=== Section Start ===

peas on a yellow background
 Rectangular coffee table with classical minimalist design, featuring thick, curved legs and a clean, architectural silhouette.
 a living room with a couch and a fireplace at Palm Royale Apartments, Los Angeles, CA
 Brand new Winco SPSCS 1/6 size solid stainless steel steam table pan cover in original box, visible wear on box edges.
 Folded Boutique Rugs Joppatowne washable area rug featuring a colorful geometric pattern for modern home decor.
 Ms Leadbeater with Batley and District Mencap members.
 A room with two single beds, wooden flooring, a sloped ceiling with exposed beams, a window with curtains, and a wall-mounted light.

=== Section End ===

» **Required work**: Scan the listing above and report how many of its lines hold the word "room", giving the number only.

» **Exercise result**: 2